Benchmarking Guide¶
This is a small guide that will explain how you can use the tools in this library to run benchmarks.
As an example project we'll use the Sara demo.
First you'll need to install the project. An easy way to do this is via pip;
pip install git+https://github.com/RasaHQ/rasa-nlu-examples
You should now be able to run configuration files with NLU components from this library. You can glance over some examples below.
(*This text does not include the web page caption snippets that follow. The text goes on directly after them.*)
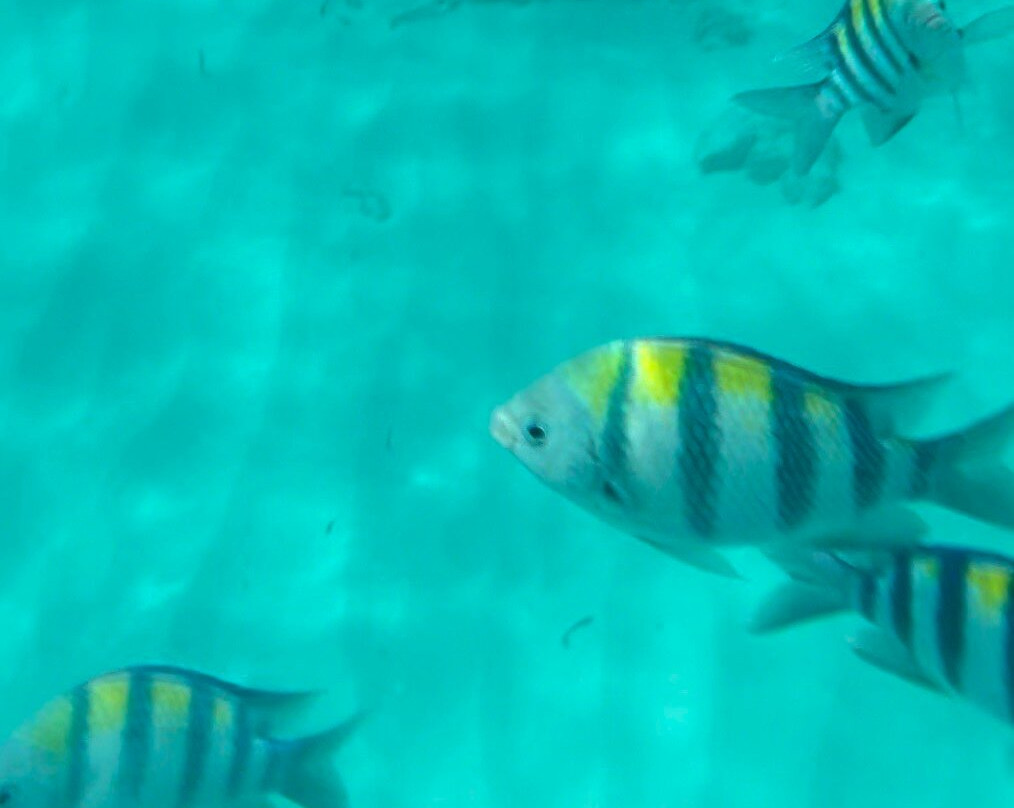 Fun Divers Zanzibar-孥归必去景点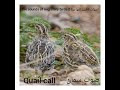 صوت سمان ربيعيquail Sound Spring فضلا وليس أمرا الإشتراك في القناة 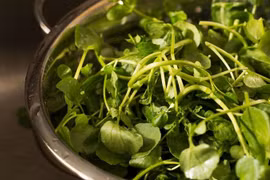 Tác dụng của rau cải xoong đối với sức khỏe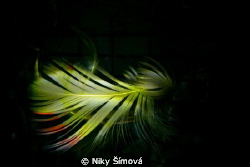 little feather by Niky Šímová 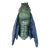 Large Terracotta Majolica Cicada Bavent Normandy For Sale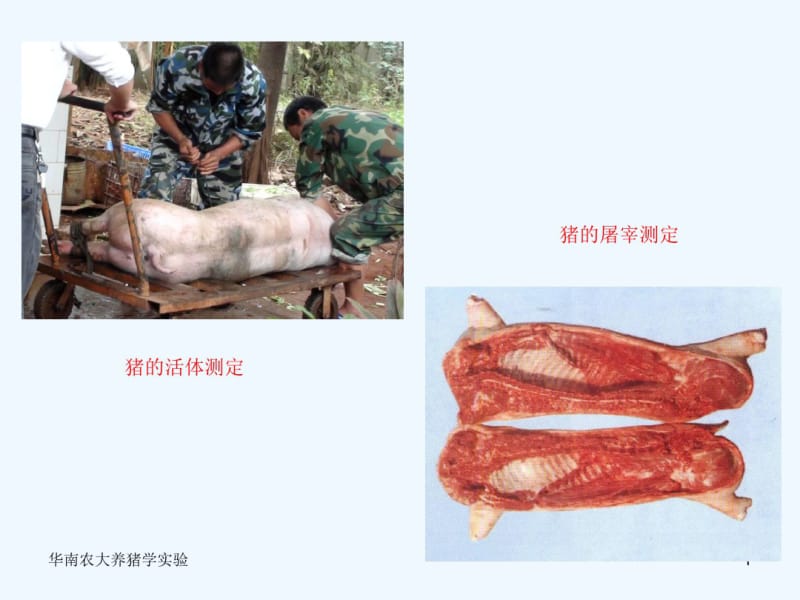 综合性实验猪的屠宰测定和肉品质测定.pdf_第1页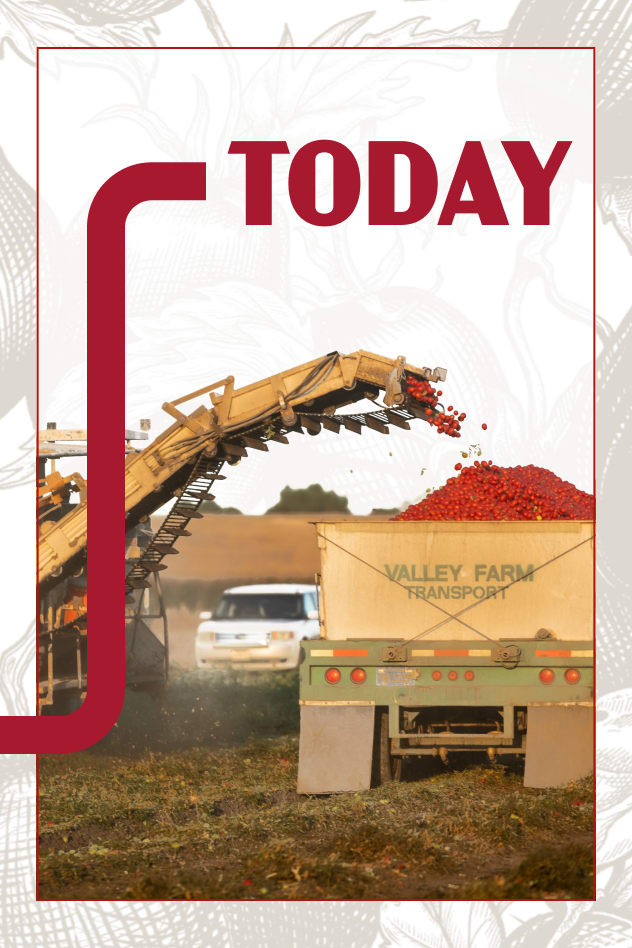 At Kraft Heinz Away From Home, we bring the freshest ingredients from the field to your table. This photo captures the moment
Here's a very basic configuartion file.
language: en
pipeline:
- name: WhitespaceTokenizer
- name: CountVectorsFeaturizer
OOV_token: oov.txt
analyzer: word
- name: CountVectorsFeaturizer
analyzer: char_wb
min_ngram: 1
max_ngram: 4
- name: DIETClassifier
epochs: 200
Assuming this file is named basic-config.yml
you can run this pipeline as a benchmark by running this
command from the project directory;
rasa test nlu --config basic-config.yml \
--cross-validation --runs 1 --folds 2 \
--out gridresults/basic-config
This will generate output in the gridresults/basic-config
folder.
Here's the same basic configuration but now with dense features added.
language: en
pipeline:
- name: WhitespaceTokenizer
- name: CountVectorsFeaturizer
OOV_token: oov.txt
analyzer: word
- name: CountVectorsFeaturizer
analyzer: char_wb
min_ngram: 1
max_ngram: 4
- name: rasa_nlu_examples.featurizers.dense.BytePairFeaturizer
lang: en
vs: 1000
dim: 25
- name: DIETClassifier
epochs: 200
Assuming this file is named basic-bytepair-config.yml
you can run it as a benchmark by running this
command from the project directory;
rasa test nlu --config basic-bytepair-config.yml \
--cross-validation --runs 1 --folds 2 \
--out gridresults/basic-bytepair-config
This will generate output in the gridresults/basic-bytepair-config
folder.
We've now increased the vocabulary size and dimensionality.
language: en
pipeline:
- name: WhitespaceTokenizer
- name: CountVectorsFeaturizer
OOV_token: oov.txt
analyzer: word
- name: CountVectorsFeaturizer
analyzer: char_wb
min_ngram: 1
max_ngram: 4
- name: rasa_nlu_examples.featurizers.dense.BytePairFeaturizer
lang: en
vs: 10000
dim: 100
- name: DIETClassifier
epochs: 200
Assuming this file is named medium-bytepair-config.yml
you can run it as a benchmark by running this
command from the project directory;
rasa test nlu --config medium-bytepair-config.yml \
--cross-validation --runs 1 --folds 2 \
--out gridresults/medium-bytepair-config
This will generate output in the gridresults/medium-bytepair-config
folder.
We've now grabbed the largest English Byte-Pair embeddings available.
language: en
pipeline:
- name: WhitespaceTokenizer
- name: CountVectorsFeaturizer
OOV_token: oov.txt
analyzer: word
- name: CountVectorsFeaturizer
analyzer: char_wb
min_ngram: 1
max_ngram: 4
- name: rasa_nlu_examples.featurizers.dense.BytePairFeaturizer
lang: en
vs: 200000
dim: 300
- name: DIETClassifier
epochs: 200
Assuming this file is named large-bytepair-config.yml
you can run this benchmark by running this
command from the project directory;
rasa test nlu --config large-bytepair-config.yml \
--cross-validation --runs 1 --folds 2 \
--out gridresults/large-bytepair-config
This will generate output in the gridresults/large-bytepair-config
folder.
Final Reminder¶
We should remember that these tools are experimental in nature. We want this repository to be a place where folks can share their nlu components and experiment, but this also means that we don't want to suggest that these tools are state of the art. You always need to check if these tools work for your pipeline. The components that we host here may very well lag behind Rasa Open Source too.